#### What to work on:
Please return each entry that follows exactly as given, but without pictures.

#### Short text fragments from websites:
□ □ □ □ □

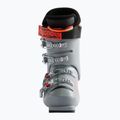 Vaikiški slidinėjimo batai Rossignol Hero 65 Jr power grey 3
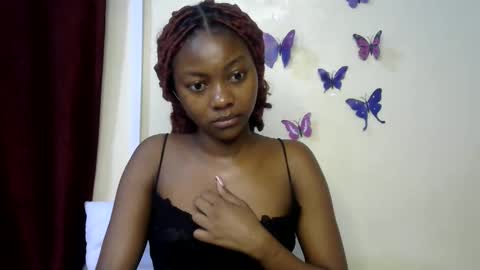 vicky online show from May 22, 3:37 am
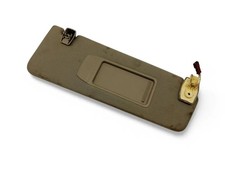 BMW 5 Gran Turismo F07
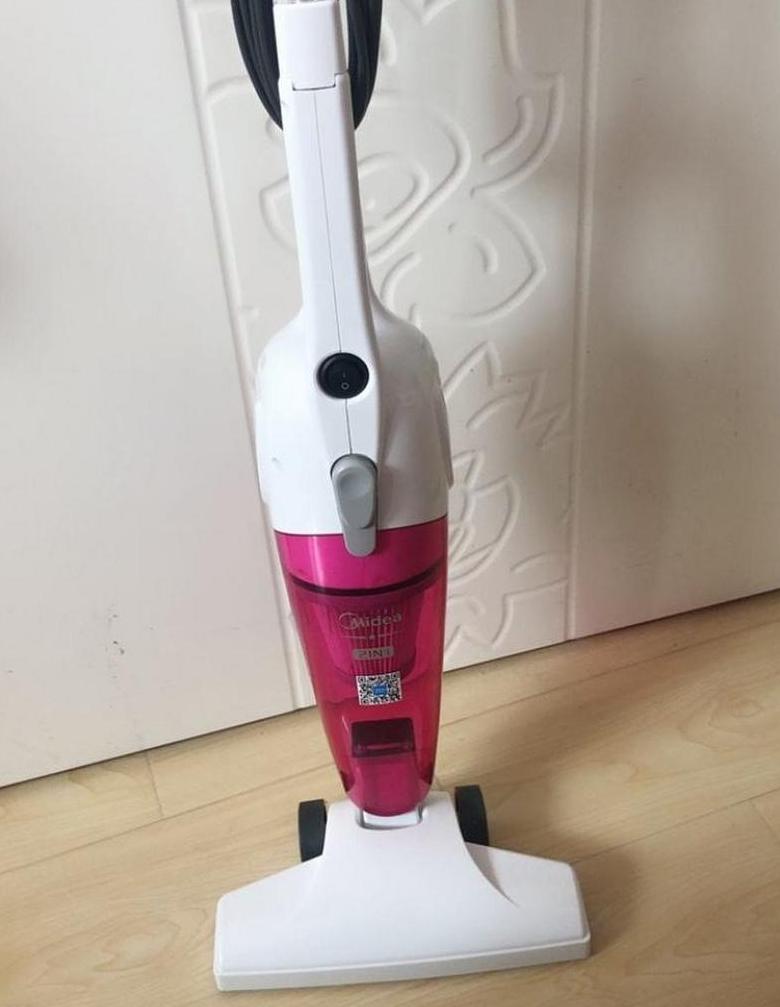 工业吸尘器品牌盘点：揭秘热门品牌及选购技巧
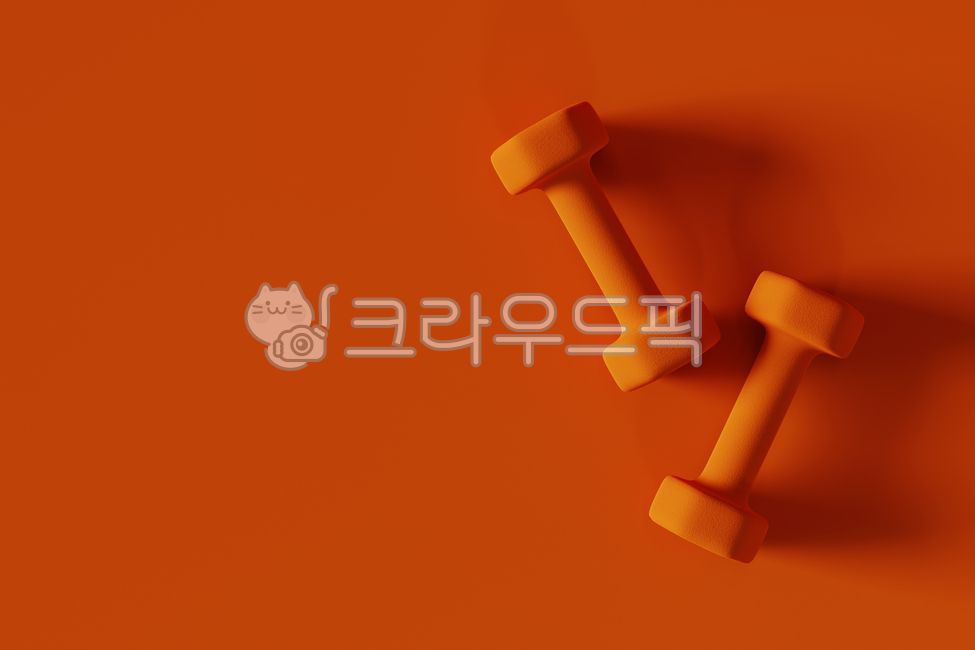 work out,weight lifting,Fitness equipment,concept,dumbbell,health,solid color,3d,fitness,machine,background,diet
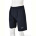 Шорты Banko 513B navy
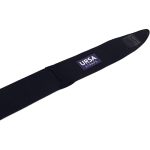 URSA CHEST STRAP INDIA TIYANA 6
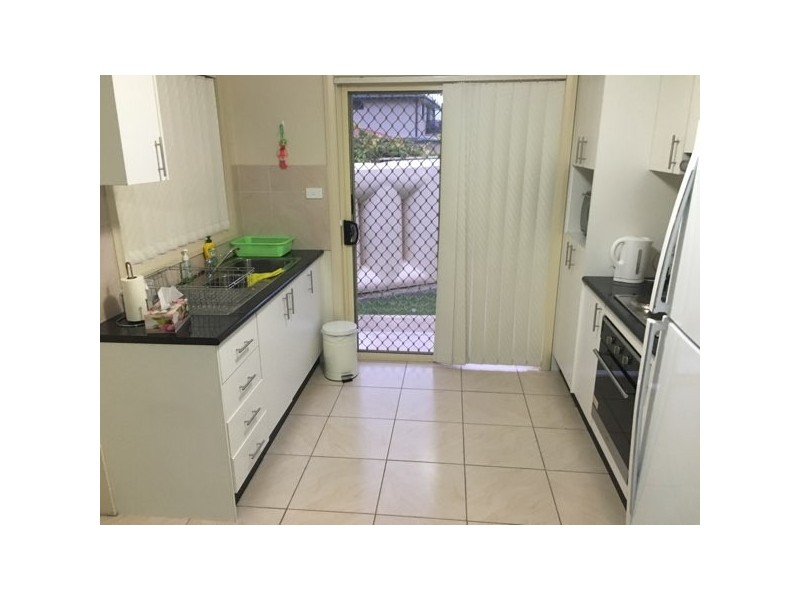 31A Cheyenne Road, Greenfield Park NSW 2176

□ □ □ □ □

#### Answer to the problem:
 Vaikiški slidinėjimo batai Rossignol Hero 65 Jr power grey 3
 vicky online show from May 22, 3:37 am
 BMW 5 Gran Turismo F07
 工业吸尘器品牌盘点：揭秘热门品牌及选购技巧
 work out,weight lifting,Fitness equipment,concept,dumbbell,health,solid color,3d,fitness,machine,background,diet
 Шорты Banko 513B navy
 URSA CHEST STRAP INDIA TIYANA 6
 31A Cheyenne Road, Greenfield Park NSW 2176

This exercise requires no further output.